Assim como o livro do Lucas Rangel jamais ganharia um daqueles prêmios de que falávamos é bem pouco provável que os escritores contemplados com o Jabuti, Prêmio São Paulo, Prêmio Sesc ou Prêmio Oceanos recebam, algum dia, a mesma aclamação do garoto.

Não vejo (quase) problema algum nisso. A literatura dos prêmios e aquela, digamos, “de mercado” têm públicos diferentes e se inserem em registros culturais diferentes. Isso não faz uma melhor do que a outra, pois sequer são comparáveis segundo um mesmo parâmetro. É preciso compreender essa diferença para aceitar que um livro dedicado à arte da literatura não é ruim porque vende pouco – inclusive há autores que fazem questão de provocar, dificultar a leitura e afugentar o leitor. Sua qualidade nem sempre está no deleite. Ao mesmo tempo em que os livros produzidos com objetivo de grandes vendas raramente contribuirão com questões da estética.


Cada público lê aquilo que lhe interessa. A falta de leitura é um problema, sem dúvida. Porém ler um texto qualquer não é o mesmo que vivenciar a experiência estética da literatura. Saber ler e praticar a leitura é necessário porque acessamos informações e convivemos em sociedade por meio da língua, tanto a falada quanto a escrita, e a maior parte das pessoas leem e se expressam muito mal. Não dominar essa linguagem implica abrir mão de todo o aparato que ela oferece, do qual somos muito dependentes, feliz ou infelizmente. Implica dificuldade de relacionamento, conhecimento e exercício político. Literatura não. Ninguém precisa de literatura para viver, em especial a literatura de ficção. Inclusive é nessa falta de necessidade que reside a sua potência.
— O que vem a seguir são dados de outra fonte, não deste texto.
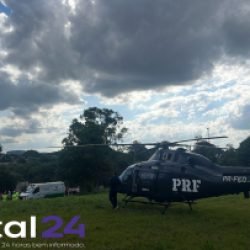 Ciclista fica gravemente ferido após ser atingido por caminhão na BR-116, em Quitandinha (PR)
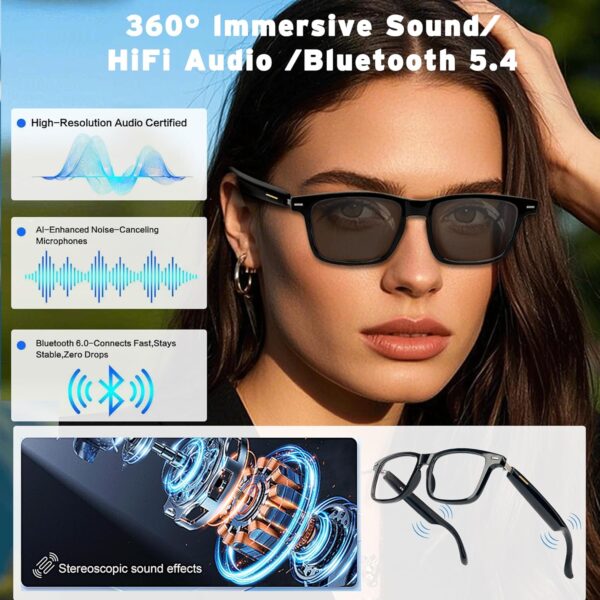 AI Translation Smart Glasses: 150 Languages, Chat GPT, Bluetooth 5.4 - Image 5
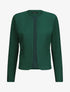 Blazer uni droit - Vert sapin - 1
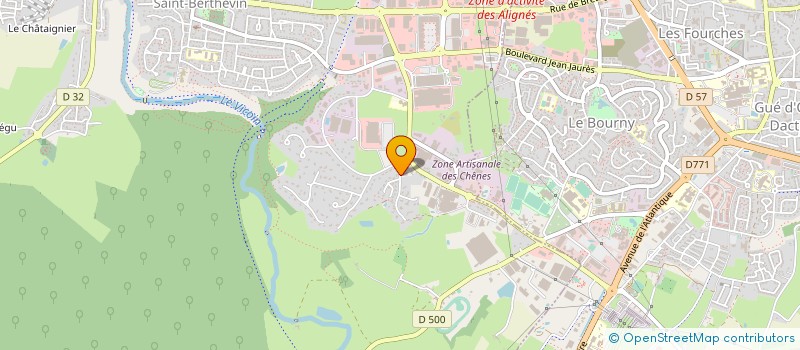 localisation de l'entreprise SARL HAMSI CARRELAGE  SAINT-BERTHEVIN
Como leitor, pesquisador e escritor é evidente que eu adoraria ver cada vez mais pessoas interessadas pela arte da literatura. Adoraria ver debates, clubes de leitura, bibliotecas, oficinas, saraus, prêmios, enfim, eventos literários em geral se multiplicando e se tornando cada vez mais requisitados. Adoraria ver leitores esmiuçando o assunto e produzindo a sua própria literatura de alto nível. Mas entendo que, por mais que deseje, isso não a torna necessidade vital. Mesmo os profissionais do meio viveriam de outra atividade se não existisse literatura.

É necessário, sim, abdicar do discurso de que todos devem ler os clássicos A, B e C. De que devem gostar e reconhecer que são imprescindíveis. Porque é pretensão demais – e também ingenuidade – obrigar à arte. A educação, a sabedoria e a emancipação não se fazem pela força, mas pelo convite, pela garantia do direito de escolher e pela partilha do sensível.

Claro que a lógica do capital não tolera tais princípios. Por conta disso as grandes casas editoriais do Brasil, praticamente todas ancoradas em investimento estrangeiro, tendem a diminuir o espaço dos escritores que fazem arte de alto nível porém vendem pouco. Ao mesmo tempo em que as pequenas editoras acolhem bons profissionais do ramo e começam a se encarregar dos novos autores e do futuro da alta literatura. E a Bienal do Livro de São Paulo? Tudo indica que estará cada vez maior. E mais barulhenta também.